Amanda derritió mantequilla en la sartén negra.
—Esto ya está.
Archie era casi un hombre. Un siglo antes, en Europa, lo habrían mandado ya a las trincheras. ¿Tenía que contarle lo que estaba ocurriendo? Y, en caso afirmativo, ¿qué le diría?
—He encontrado esta salsa de cebolla. Podría ir bien para picar, ¿no? —Ruth sacó un cuenco y una cuchara grande. Trabajaron las dos en silencio.
Amanda no podía más. Al final lo dijo.
—¿Qué crees que está pasando?
—Dentro de poco volverá tu marido. Seguro que se ha enterado de algo. —Ruth probó la salsa con el meñique (un gesto elegante). No quería jugar a las adivinanzas. Sospechaba que Amanda no los creía y prefería evitar situaciones embarazosas.
Amanda sacó un sándwich que ya estaba hecho.
—Mis hijos, cuando quieren enterarse de qué tiempo hace, lo miran en el móvil. Dependen de él para saber la hora y cualquier otro aspecto de la realidad que los rodea. Ya no pueden ni mirar el mundo si no es a través de ese prisma. —Ella, sin embargo, hacía lo mismo. Aunque se hubiera burlado del anuncio de la tele donde parece que Zooey Deschanel no sabe si está lloviendo, ella habría actuado exactamente igual—. Ahora mismo resulta que sin nuestros móviles estamos aquí aislados.

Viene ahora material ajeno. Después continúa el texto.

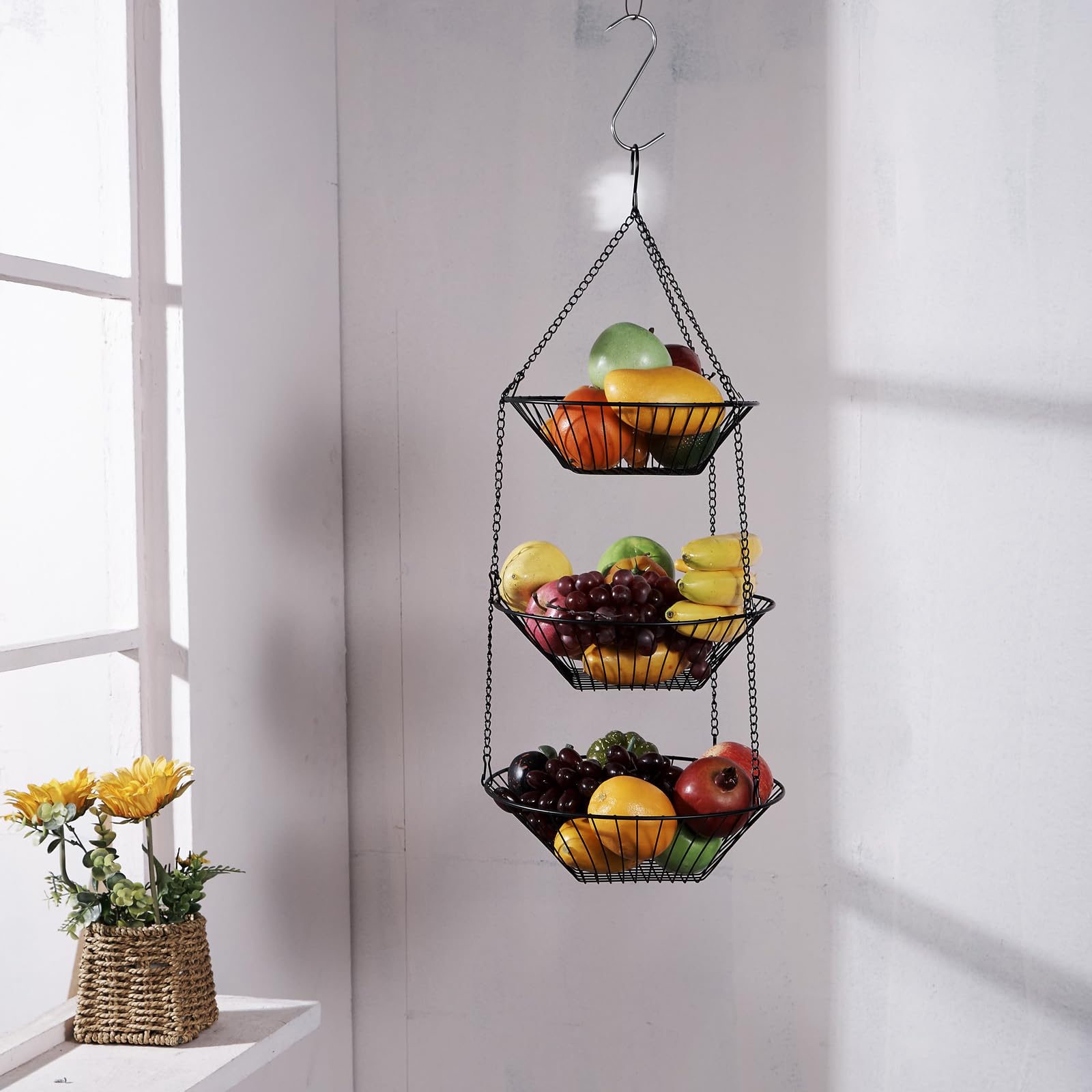 Cesta colgante de frutas de alambre de 3 niveles, cesta organizadora de almacenamiento de cocina, calcomanía sin costuras 3M y gancho de pared en S, adecuada para baño, cocina, armario 7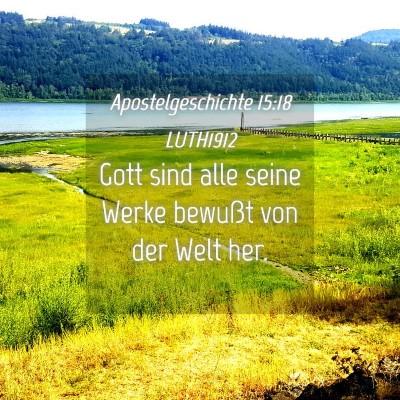 Picture 04 - Apostelgeschichte 15:18 LUTH1912 - Gott sind alle seine Werke bewußt von der Welt - Bible Verse Picture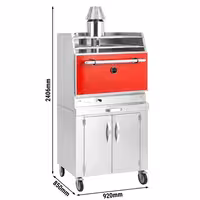Charcoal Oven - 920mm - with cabinet base - Red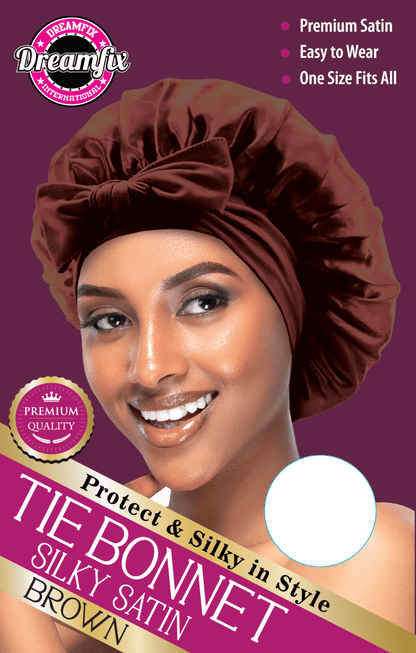 Dreamfix Health & Beauty Brown Dreamfix Tie Bonnet Satin
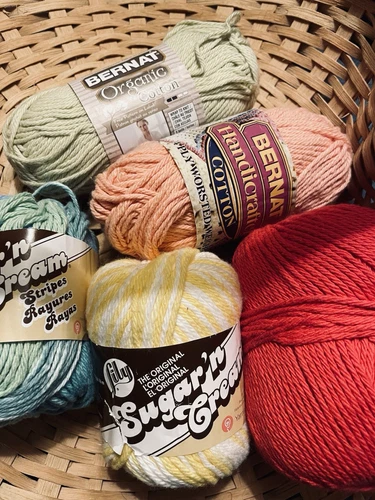 5 Skeins Cotton Yarn- Mixed Lot- Nice Colors! video thumbnail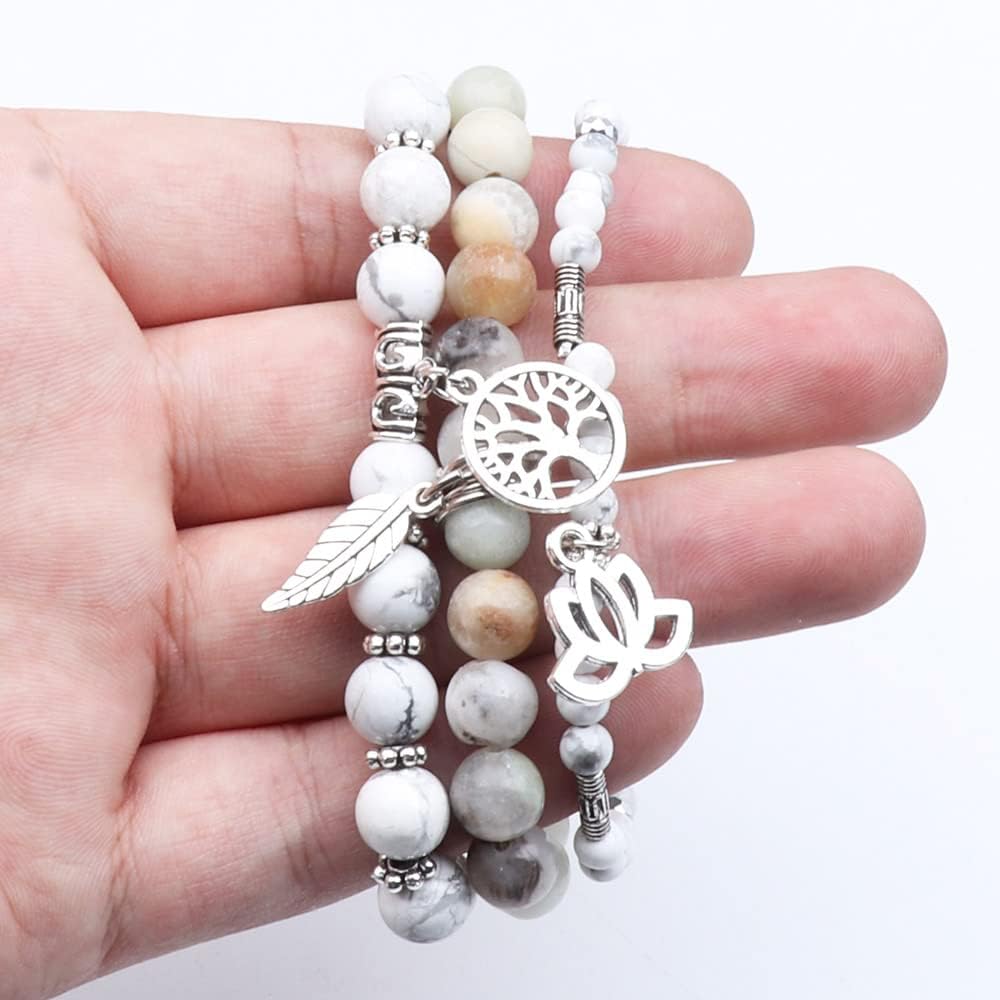 UEUC Tree of Life Yoga Healing Stone Bracelets,Multilayer Lotus Chakra Stone Reiki Bracelet Sets,Anxiety Crystal Natural Stone,for Women Stress Relief(#172)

Ni más ni menos. El síndrome de abstinencia telefónica. Siempre que volaba quitaba el modo avión en cuanto oía la campanita que señala una altitud inferior a diez mil pies. Entonces intentaba consultar su correo. Con el cinturón puesto, el personal de vuelo no podía reñirla. Deslizaba sin parar el dedo por la pantalla esperando a que hubiera conexión y ver entonces lo que se había perdido.
—Cuando puedas verlo en tu móvil te lo creerás. —Ruth ni siquiera se lo reprochaba. Ningún cerebro había quedado indemne a tantos años de debate sobre la objetividad de los hechos.
—Es que ahora mismo no sabemos nada. Estaré mejor cuando sepamos algo. ¿No te parece que Clay está tardando mucho?
Ruth dejó la cuchara sucia en el fregadero.
—Está esa vieja idea que consiste en imaginar que estás atrapada en una isla desierta, muy lejos de la sociedad y de la gente. Tal vez hayas de elegir qué diez libros o discos te llevas. Dicho así, más que una cárcel parece el paraíso. —A ella lo de una isla desierta le sonaba bonito, aunque estaba subiendo el nivel de los mares: quizá pronto no quedara ninguna.
—Ya, pero aquí no tengo diez libros. Si hubiera internet podría entrar en mi cuenta y descargarme todos los que he comprado para el Kindle, pero no hay. —Lo que no dijo: tenemos la piscina y estos sándwiches de brie con chocolate y aunque no nos conozcamos también nos tenemos mutuamente, por supuesto.